Provided entries:
============================================================
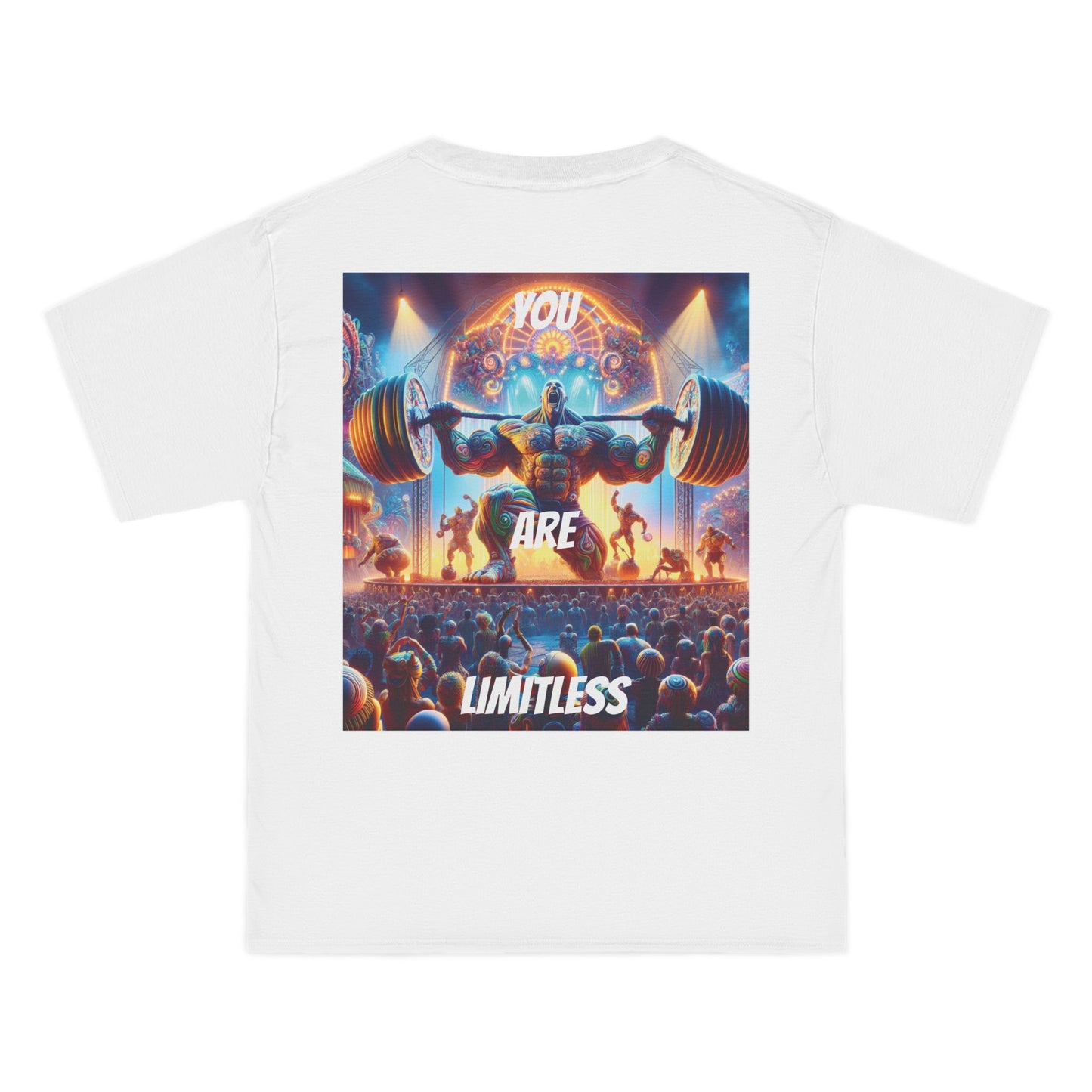 DECODED | YOU ARE LIMITLESS | Unisex Beefy-T® Short-Sleeve T-Shirt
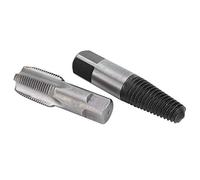 Cocoarm Extractor de Tornillos 3 4 Extractor de Tornillos Dañados de Acero con Alto Contenido de Carbono para Extracción de y Tuberías Rotas Tratado Térmicamente en General para Usuarios de
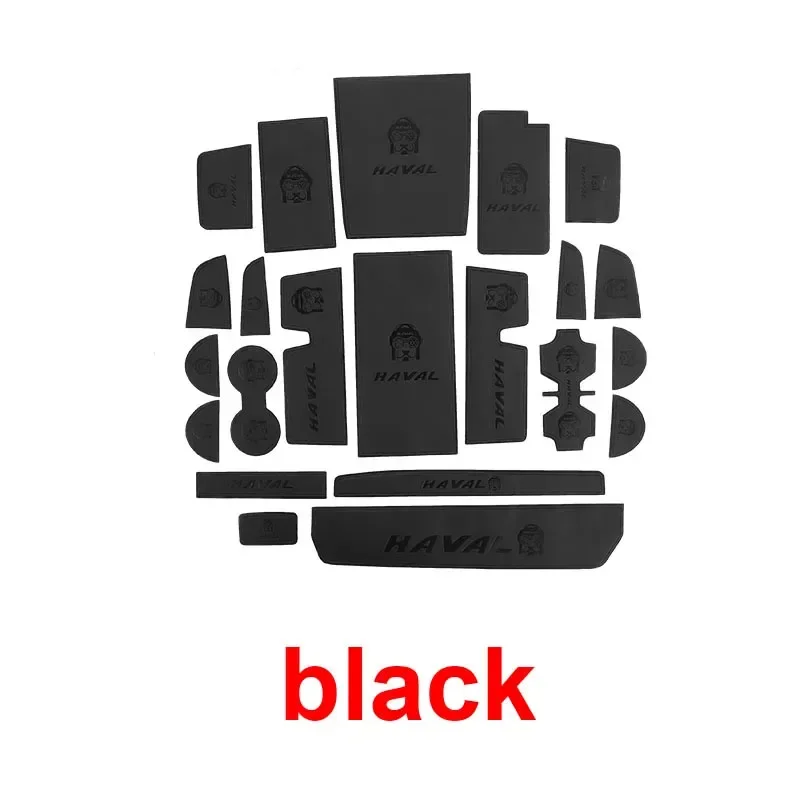 Для GWM Haval DARGO 2021 2022 прокладка для отверстия ворот прокладка для чашки для воды канавка для хранения противоскользящая внутренняя подкладка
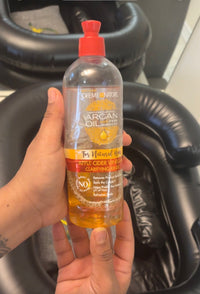Flacon de vinaigre de cidre de pomme pour le soin des Locks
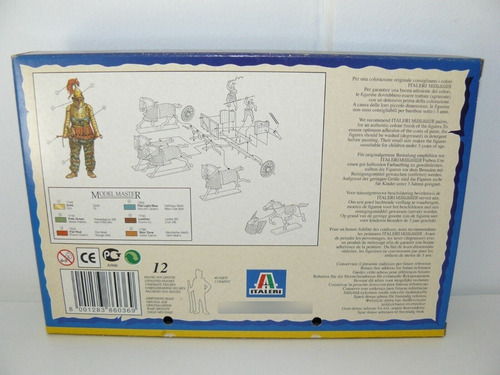 Maqueta Caballería Persa Con Carro De Combate, 1/72. Jp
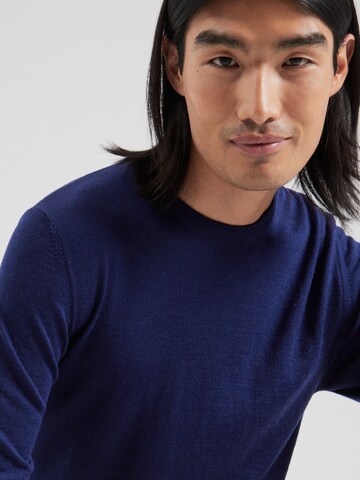 Pullover 'Petro' di Matinique in blu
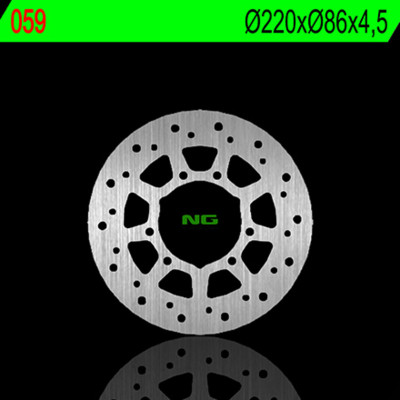 Disque de frein fixe arrière NG | TENERE XTZ 660, XTE 600, XT600E '95-03
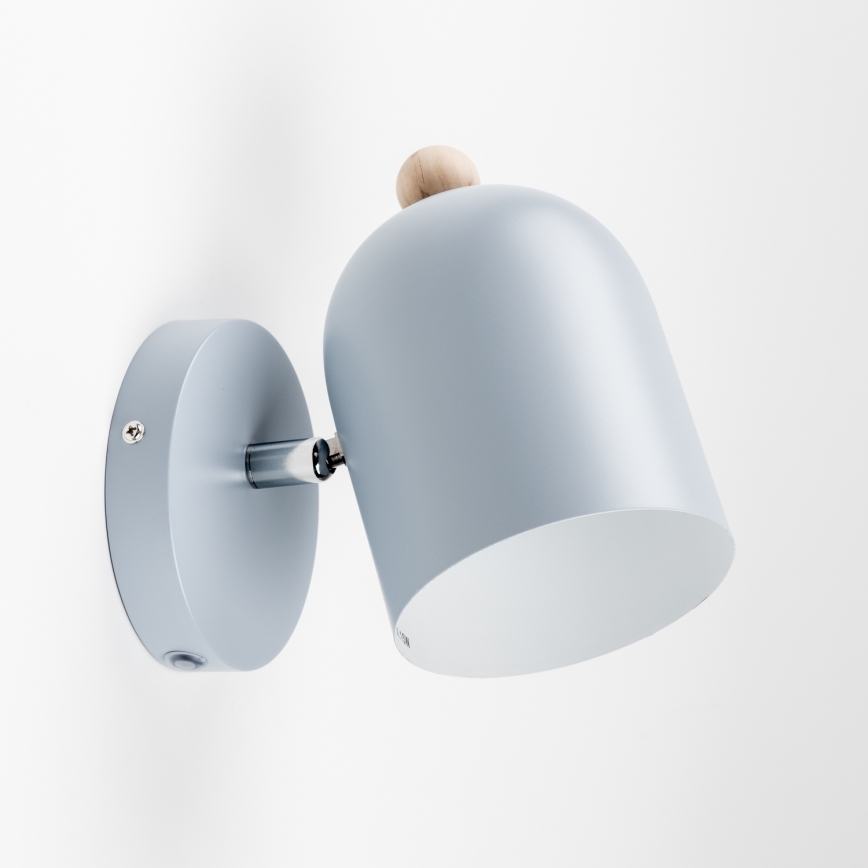 Brilagi - Wandspot GALLION 1xE27/15W/230V blau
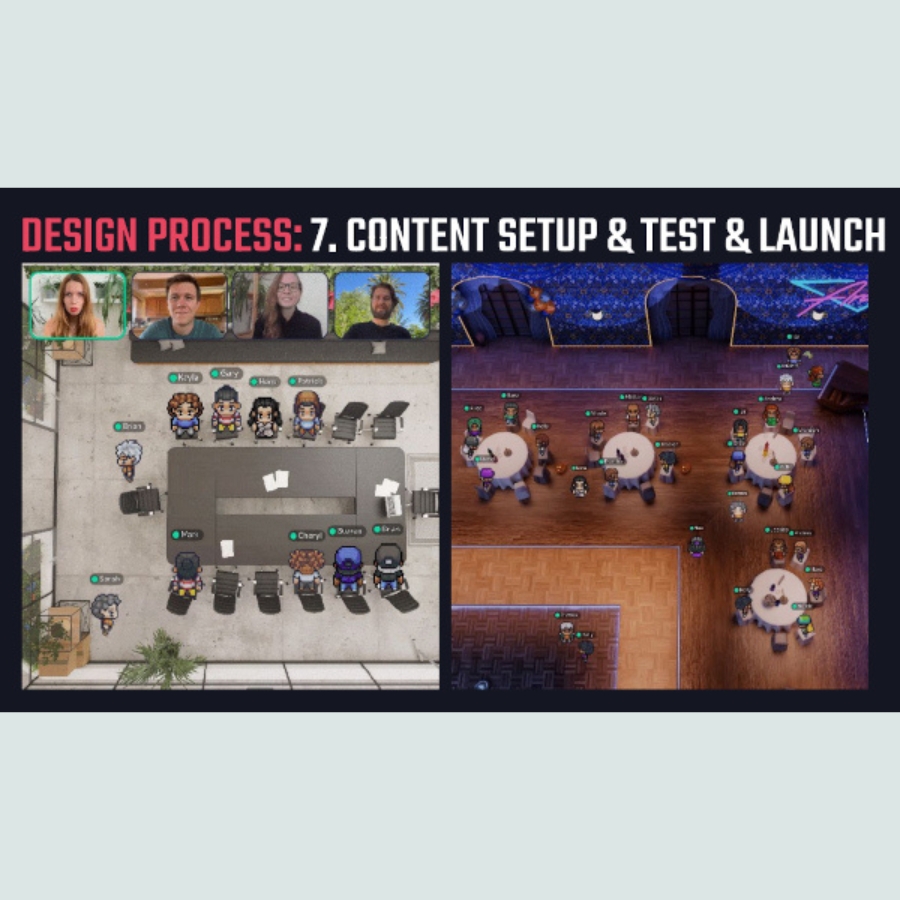 Digidaar screenshot virtuele ruimte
============================================================
Work task: Your task is to output the material word for word while leaving out every image.

Problem solution:
 DECODED | YOU ARE LIMITLESS | Unisex Beefy-T® Short-Sleeve T-Shirt
 Cocoarm Extractor de Tornillos 3 4 Extractor de Tornillos Dañados de Acero con Alto Contenido de Carbono para Extracción de y Tuberías Rotas Tratado Térmicamente en General para Usuarios de
 Для GWM Haval DARGO 2021 2022 прокладка для отверстия ворот прокладка для чашки для воды канавка для хранения противоскользящая внутренняя подкладка
Flacon de vinaigre de cidre de pomme pour le soin des Locks
 Maqueta Caballería Persa Con Carro De Combate, 1/72. Jp
 Pullover 'Petro' di Matinique in blu
 Disque de frein fixe arrière NG | TENERE XTZ 660, XTE 600, XT600E '95-03
 Brilagi - Wandspot GALLION 1xE27/15W/230V blau
 Digidaar screenshot virtuele ruimte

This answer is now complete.